Every time Bob Seddon and his assistant coach Bill Wagner, go on a road trip, the routine is the same. Wagner gets the bed closest to the window, Seddon the bed farther away. Wagner puts his shaving kit on the left, Seddon on the right. After working together for 32 years, there isn't anything the two don't know about each other.
This weekend will mark the last home games as head coach for Seddon, and it will also mark the end of a 32-year run for him and Wagner. Although there are no official numbers, the run they have put together as head coach and assistant coach at the same school in the same sport is definitely among the longest in Division I.
"We're from the same mold," the 70-year-old Seddon said. "We grew up in the same era. A lot of our philosophies are the same."
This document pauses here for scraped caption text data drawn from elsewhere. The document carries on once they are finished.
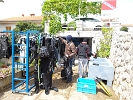 20140417 123454  User comments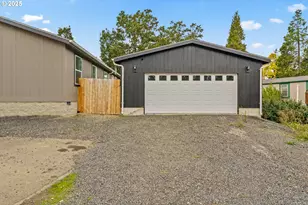 39009 Dexter Rd, Dexter, OR 97431 - Photo 34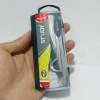 Compa Học Sinh Gắn Chì Gỗ Maped 119.410 - Bút Gỗ Sang Trọng, Giá Ưu Đãi 48.000 VND 2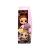 Lol Surprise Tweens Fancy Gurl Muñeca 17 Cm Coleccionable - comprar online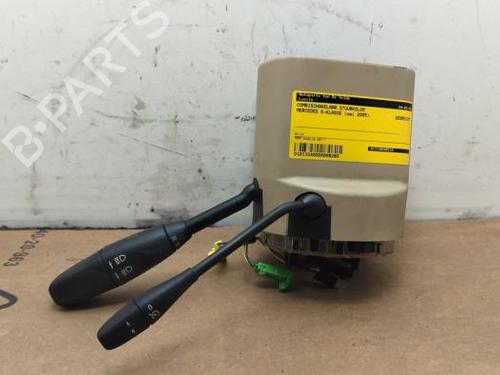 steering-column-stalk-mercedes-benz-e-class-t-model-s211-2003-2004-2005-2006-2007-2008-2009-38817311 main image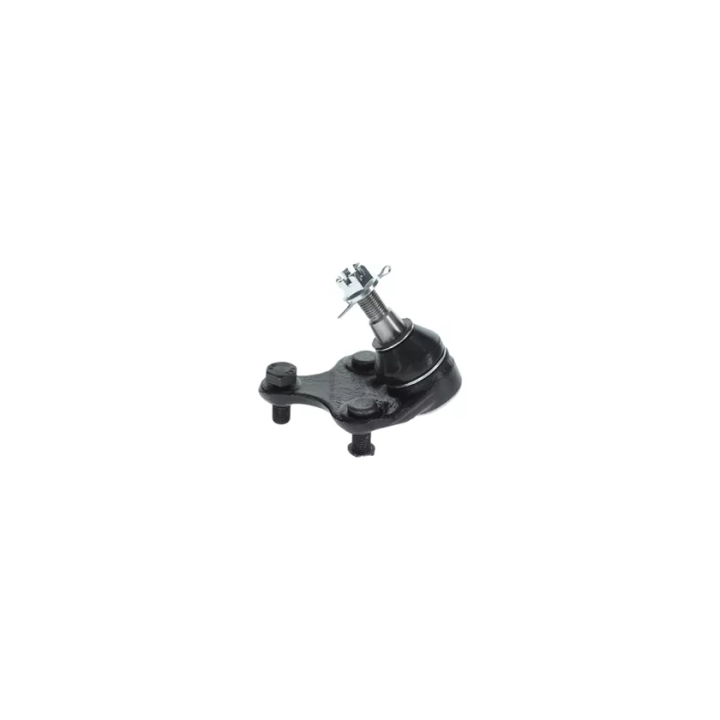 Toyota Prius Ball Joint BOSCH 0 986 140 862 | PriusParts.lt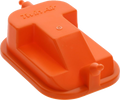 TWIN AIR Airbox Cover - Gas Gas/Husqvarna/KTM
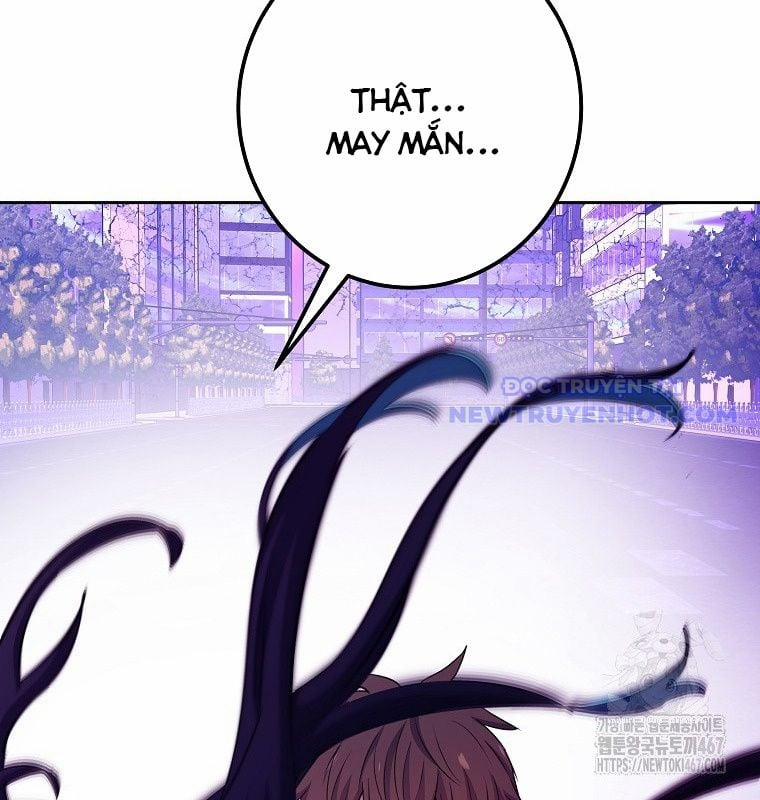 Trở Thành Nhân Viên Cho Các Vị Thần 87 trang 177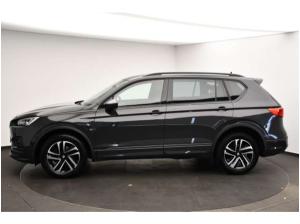 Seat Tarraco 1.5 TSI FR AHK/ACC/Rückkam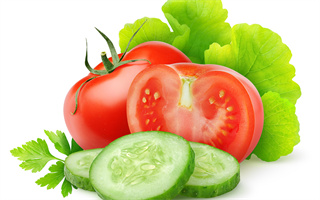 2025年7月1日 品種權(quán)事務(wù)公告 (總第156期)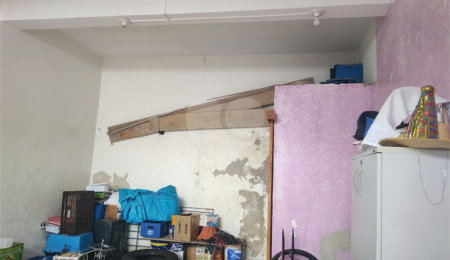 Sobrado à venda com 5 quartos em Imirim, São Paulo, SP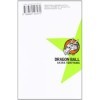 Dragon Ball. Evergreen edition Vol. 3 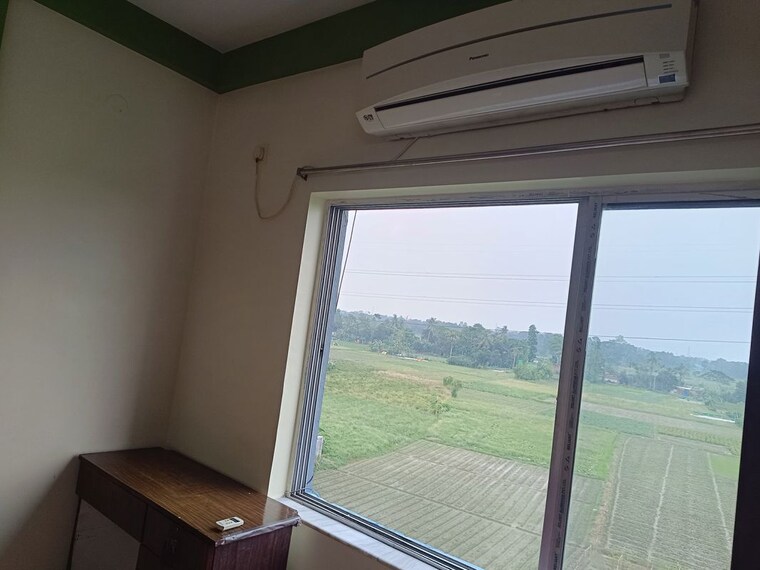 Room, subha-shree 3 Bedroom 1380 Sq.Ft. Apartment In New Town Action Area ii Kolkata 10655799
Seddon grew up in northern New Jersey and Wagner in South Jersey. In 1973, Seddon, who had become the new head baseball coach at Penn one season earlier, went on a recruiting trip to Woodrow Wilson High School in Cherry Hill, N.J. While he was there, he found more than just another pitcher. He found a man who would be his assistant and friend for the next three decades.
In the beginning, both served two positions at Penn. Seddon coached baseball and soccer, and Wagner was the baseball assistant as well as the head coach of sprint football, a position he still holds. But after this year, he too will step down from baseball.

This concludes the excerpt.